The Norwegian Defence Materiel Agency (Forsvarsmateriell-FMA) in February conducted the first in-flight test release of a Joint Strike Missile (JSM) from the F-35A CTOL (Conventional Take-Off and Landing) Lightning II multirole stealth fighter over Edwards Air Force Base, California. The first phases of the JSM integration work are contracted directly with US authorities. The program started in 2020, and was carried out with drop from aircraft parked on the ground, and down into a foam mug encoder. This is an aircraft with a number of sensors for speed, movement, and vibrations, as well as recording of the data bus traffic in the aircraft and communication to the weapon. The last launch in February was the first to be carried out airborne.

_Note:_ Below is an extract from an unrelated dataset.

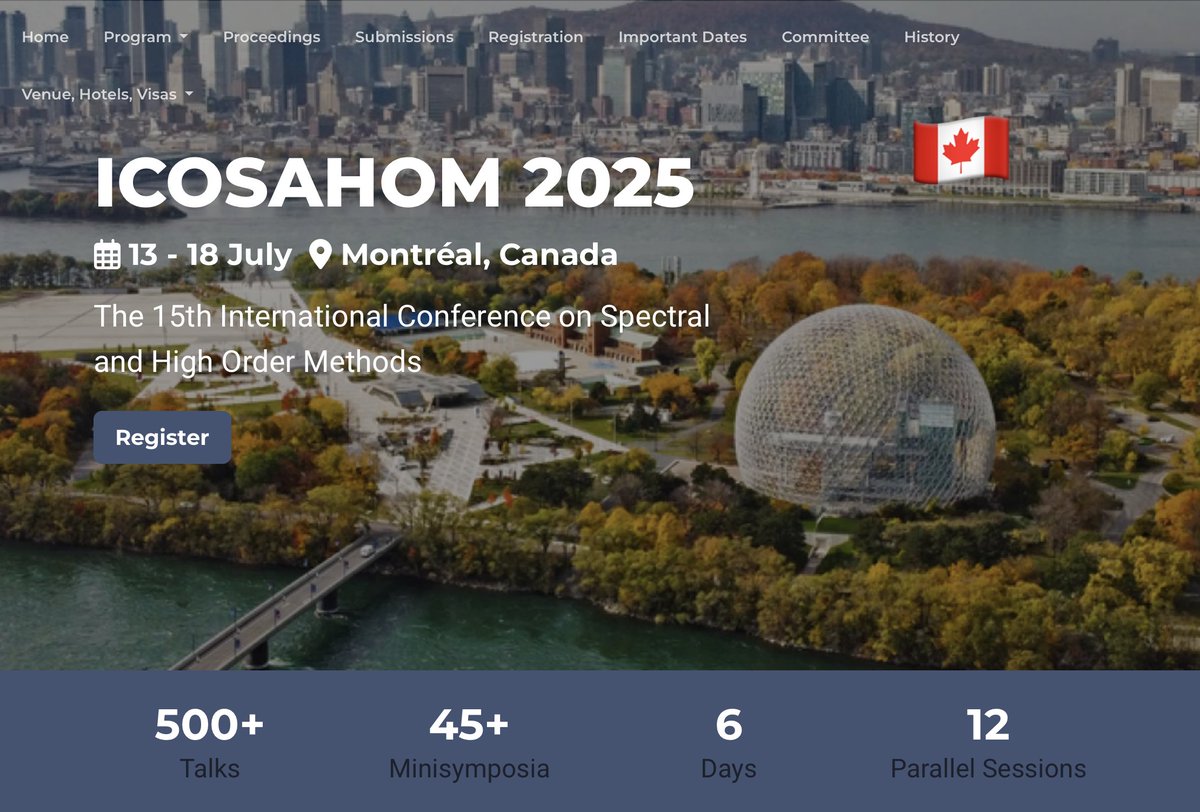 rothkopfAK's tweet image. Excited to attend #ICOSAHOM25 next week, an international conference dedicated to applied #mathematics &amp;amp; #computational #science. Great opportunity to better get to know this research field at the interface of theory &amp;amp; application. After 2023 edition @yonsei_u 🇰🇷2025 @mcgillu 🇨🇦.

The test in association with Kongsberg Defense & Aerospace (KDA), the Norwegian Defence Research Establishment (FFI) and the US Department of Defense F-35 Joint Program Offi, which was conducted using an instrumented JSM weapon integrated with the US Air Force (USAF) 412th Test Wing F-35A AF-01 instrumented test platform, was part of an ongoing programme to verify the integration and safe release of the weapon system from the Lightning II. The JSM is being developed by Norwegian company Kongsberg Defense & Aerospace (KDA). This test launch took place as part of the JSM integration program into the F-35 fighter and is carried out in close cooperation with the F-35 Joint Program Office and US authorities. The JSM, JSOW-ER and AARGM-ER are set to become the internal bay compliant Stand-Off weapon options on Blk 4 F-35A and C variants.
The Joint Strike Missile (JSM) is a fifth-generation, long-range, precision-guided, stand-off missile system designed by Kongsberg Defence Systems and being developed for the Norwegian armed forces. The JSM is based on the well-proven and modern technology of Naval Strike Missile (NSM). The Joint Strike Missile and will feature an option for ground strike and a two-way communications line, so that the missile can communicate with the central control room or other missiles in the air. This missile will be integrated with the Lockheed Martin F-35 Lightning II. Studies have shown that the F-35 would be able to carry two of these in its internal bays, while additional missiles could be carried externally. The JSM includes advanced mission planning system to exploit sea and land geography.
The Norwegian Defence Logistics Organization (NDLO) and Kongsberg signed a NOK1.1bn ($178.7m) contract for the third phase development and integration of the JSM with the F-35 Lightning II Joint Strike Fighter (JSF) aircraft in July 2014. Raytheon Missiles & Defense and Norwegian defense company Kongsberg Defence Aerospace are developing JSM for the F-35 Joint Strike Fighter. The development of the JSM was completed in mid-2018 after a series of successful validation tests, whereas the integration of JSM on the F-35 fighter aircraft is expected to be concluded during 2022-2024. Norway’s Ministry of Defense successfully test-fired the weapon from an F-16 Fighting Falcon in 2018. The full-scale production of the JSM is expected to generate more than 450 jobs.